Menurut Titi Anggraini, para pemohon mengusulkan agar partai politik atau gabungan partai politik yang memiliki kursi di DPR dapat mengusulkan pasangan calon presiden dan wakil presiden tanpa harus memenuhi ambang batas tertentu. “Para Pemohon mengusulkan agar partai politik atau gabungan partai politik yang memiliki kursi di DPR dapat mengusulkan pasangan calon presiden dan wakil presiden tanpa ambang batas,” jelas Titi dalam keterangannya, Jumat (23/8).

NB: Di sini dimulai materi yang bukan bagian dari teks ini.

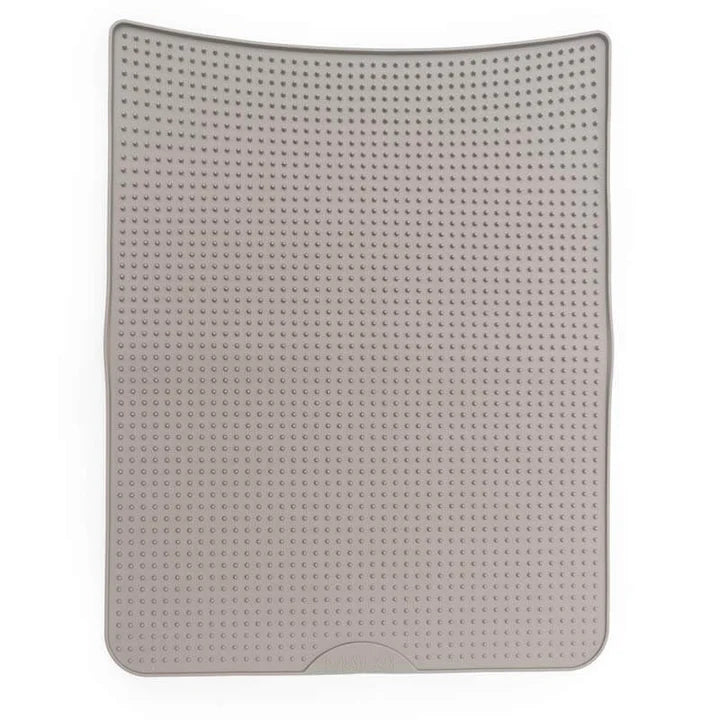 Messy Cats Silicone Litter Mat - Grey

Sementara itu, partai-partai yang tidak memiliki kursi di DPR diizinkan untuk mencalonkan presiden dan wakil presiden asalkan membentuk koalisi dengan minimal 20 persen dari jumlah partai politik peserta pemilu. Dengan 18 partai politik peserta pemilu, koalisi minimal harus terdiri dari tiga partai.
“Kewajiban partai politik nonparlemen untuk bergabung akan menunjukkan kematangan struktur politik dan keseriusan dalam pengusungan,” tambah Titi.
Dia menekankan bahwa pembedaan perlakuan ini masih dalam batas toleransi, sesuai dengan logika yang diterapkan oleh Mahkamah Konstitusi dalam Putusan Nomor 55/PUU-XVIII/2020 mengenai verifikasi partai politik parlemen dan non-parlemen.
Dalam UU Pemilu, ambang batas pencalonan presiden dan wakil presiden ditetapkan sebesar 20 persen dari jumlah kursi di DPR RI atau 25 persen dari suara sah nasional pada pemilu sebelumnya. Para pemohon menilai ambang batas ini bertentangan dengan semangat keberagaman yang diatur dalam Pasal 6A Ayat (3) UUD NRI 1945 dan prinsip keadilan dalam Pasal 22E Ayat (1) UUD NRI 1945.
Sidang uji materi ambang batas pencalonan presiden ini mengikuti langkah Mahkamah Konstitusi yang baru-baru ini mengubah ambang batas pencalonan kepala daerah melalui Putusan Nomor 60/PUU-XXII/2024.